Robotics cohort latest disclosed valuations, 2024 to 2026

Capital concentration by cohort across the named robotics labs

Two patterns stand out. First, the Insurgent valuation ladder is unusually steep even by frontier-AI standards: the top three names (Figure AI, Project Prometheus, Anduril) together exceed the next seven combined, and all three crossed $30 billion within an 18-month window. Second, the cohort totals rebalance the public framing. Humanoid Insurgents dominate the press cycle but the foundation-model bucket already concentrates more aggregate capital per company on average than humanoids do once Figure is set aside, and the defense-autonomy cohort is structurally larger than the entire foundation-model bucket combined. The model-and-data layer has not yet caught up to the hardware layer in headline dollar terms, but the trajectory through 2026 to 2027 is the inversion the rest of this essay traces.

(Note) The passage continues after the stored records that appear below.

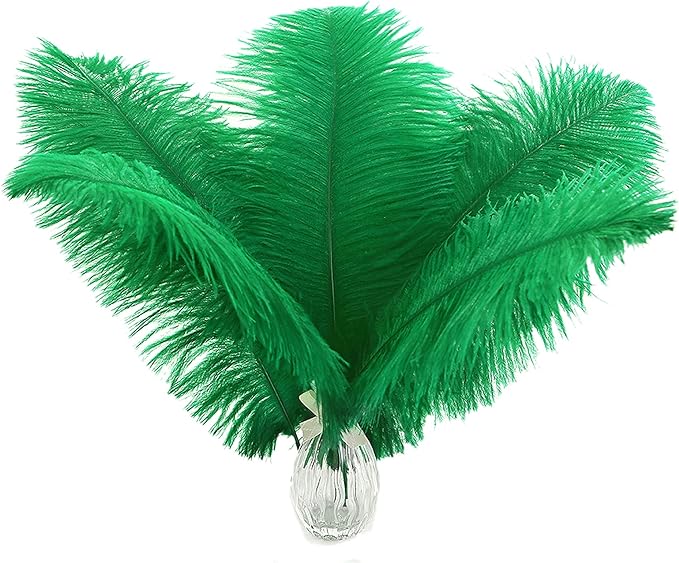 Ballinger Green Ostrich Feathers Bulk - 24pcs 10-12inch Feathers for Vase, Wedding Party Centerpieces Mardi Gras Decorations and Home Decor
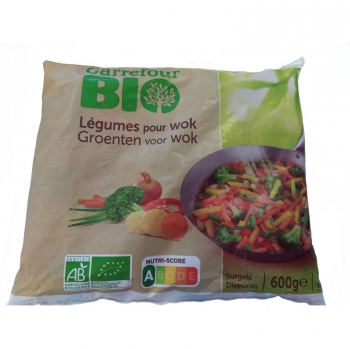 Mix de verduras para wok ecológicas Carrefour Bio 600 g.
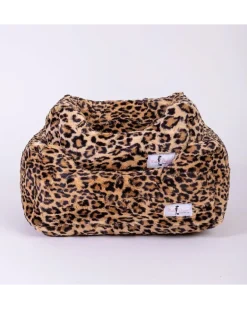 Cashmere Collection Faux-Fur Dog Bed in Leopard (Custom/Direct-Ship) (Made in the USA)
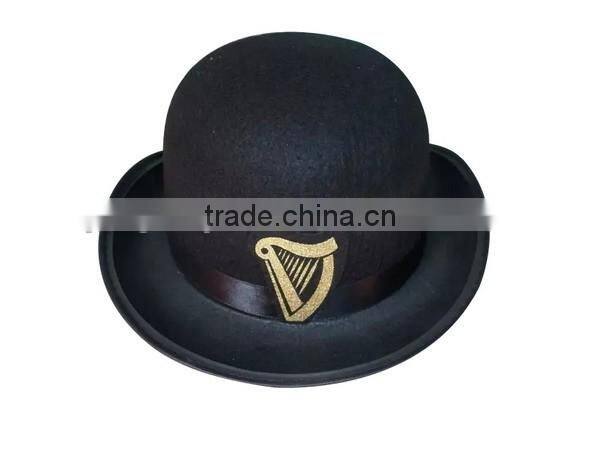 2017 new fashion products gentleman fitted wool felt bowler hat for sale with black ribbon private logo made in china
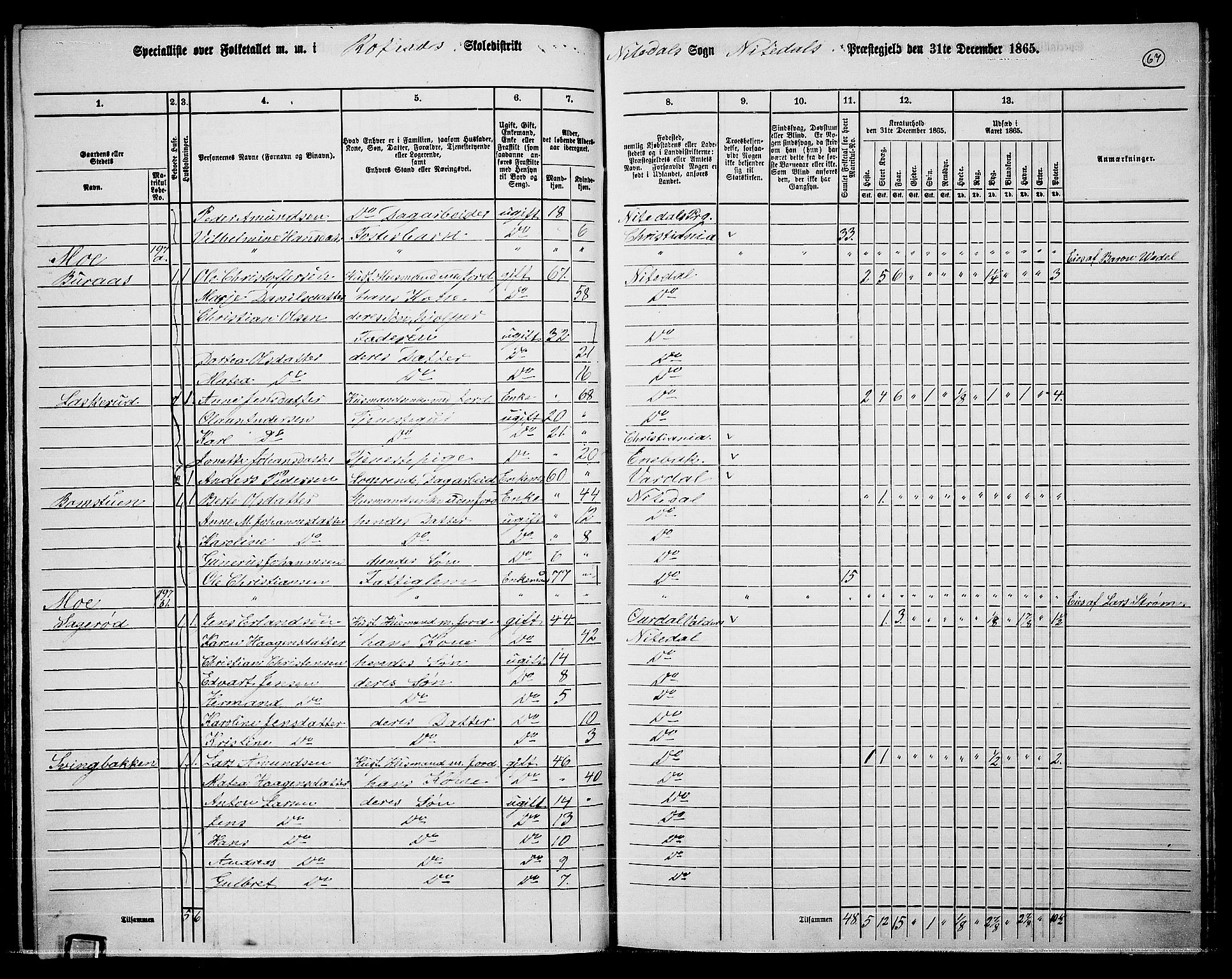 RA, 1865 census for Nittedal, 1865, p. 58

The geographic split is also distinctive. North America dominates on dollars (Figure, Tesla, Boston Dynamics, Physical Intelligence, Skild, Waymo, Zoox, Anduril, Shield AI, Project Prometheus, Apptronik, Agility, NVIDIA Research). Europe contributes the most credible AV2.0 entrant (Wayve, London) and the consumer-humanoid Insurgent (1X, originally Norwegian). Asia owns the incumbents (Honda, Toyota Research Institute, Boston Dynamics under Hyundai) and the Chinese low-cost humanoid cohort (Unitree, Fourier, Agibot, XPeng's humanoid program). The dollar-versus-units gap is enormous: Unitree's G1 humanoid ships at approximately $16,000, an order of magnitude under the $20,000-to-$30,000 NEO consumer pricing 1X has signalled and two orders under what an early commercial Figure 02 unit reportedly costs to build.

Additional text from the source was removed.